There's a plethora of considerations. In terms of overall solar irradiation, the answer is clear: Arizona. It gets more sun than any other state. Regarding capacity already installed on residences, California has the most and New Jersey has the second most. Regarding the cost of electricity, solar makes the most sense in Hawaii, which has the nation's highest energy costs. But different states have very different incentives skewing the answer for which states truly offer homeowners the best return on their solar investment. But it's a rapidly-changing target since programs change, get fully subscribed, or new legislation or regulations are enacted. And as a state’s solar incentive program gets filled for a year or even multiple years-like California's, other state's incentive programs rise up on the list.

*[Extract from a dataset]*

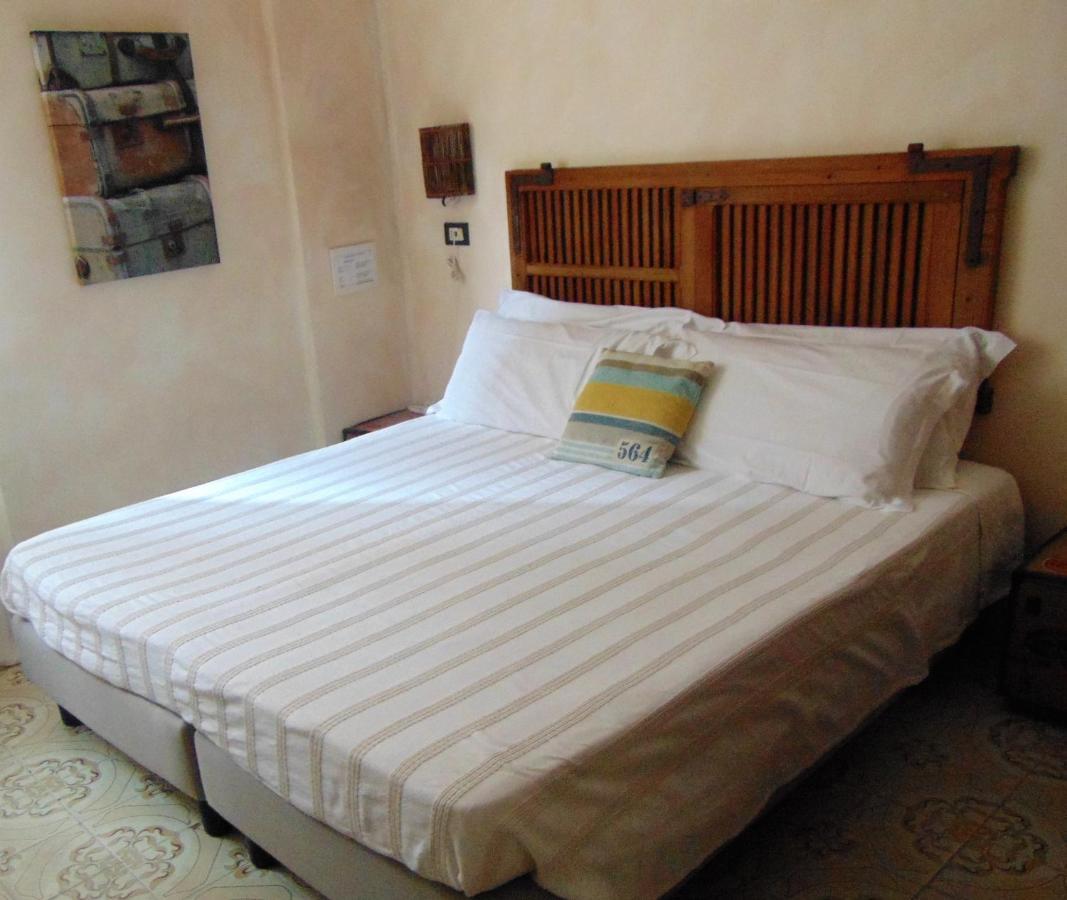 L'Antico Borgo Elena Noli Hotell Exteriör bild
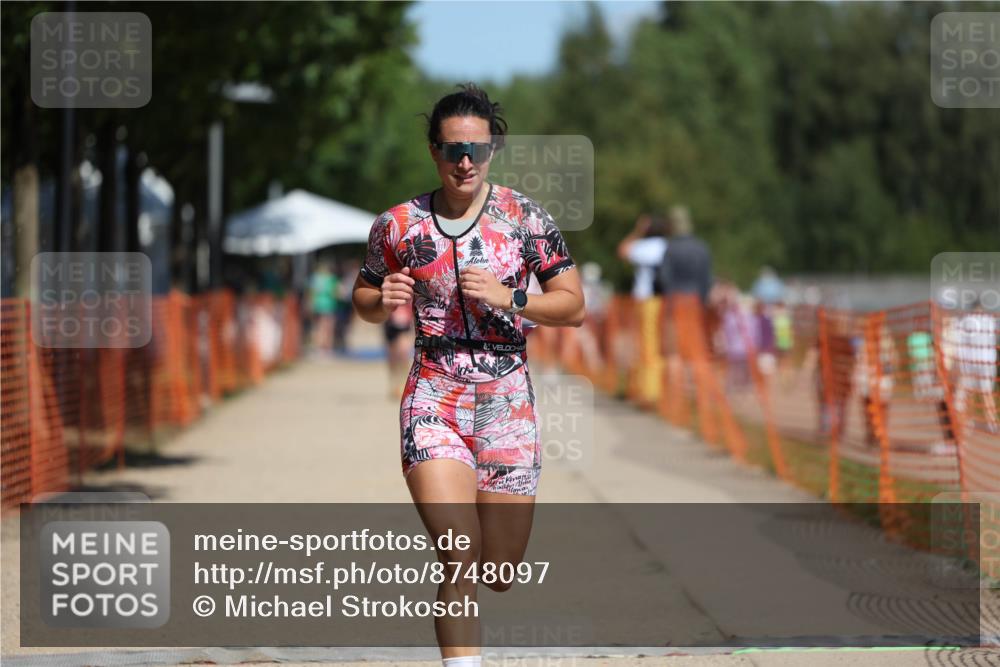 07.09.2025 - 19. Norderstedt Triathlon Michael Strokosch http://msf.ph/oto/8748097 07.09.2025 12:38:52 Laufen 195 meine-sportfotos.de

Luckily there are a number of organizations, such as SEIA, Nerd Wallet and Solar Power Rocks, that rank the best states for solar. These sites compiled the large quantities of data related to energy prices, solar incentives, solar policies (like renewable energy portfolios and carve-outs for solar), net-metering policies, solar renewable energy credits (SRECs), payback rates, state and local rebates, tax credits and other factors. Solar Power Rock's site offers a much more in-depth explanation of the reasoning behind their evaluations. But it made its rankings based on a host of factors. The most important factor for the homeowner though, is payback time or return on investment. The shorter the payback, the better for the homeowner. Therefore, in this particular ranking, the states with the shortest payback period and the highest energy prices top the list.
An important factor in going solar in any of these states is third-party ownership (TPO). In states that allow TPO arrangements, the impact of going solar is often nullified since a power-purchase agreement (PPA) or solar lease can allow a homeowner to go solar without having to fork out the $35,000 or more up-front for a 5 kilowatt array. In such states, TPO options are designed to be equal to or less than the amount homeowners are paying for electricity from their utility when their system starts producing solar power. They are also often designed to save homeowners more as electricity prices creep up in subsequent years.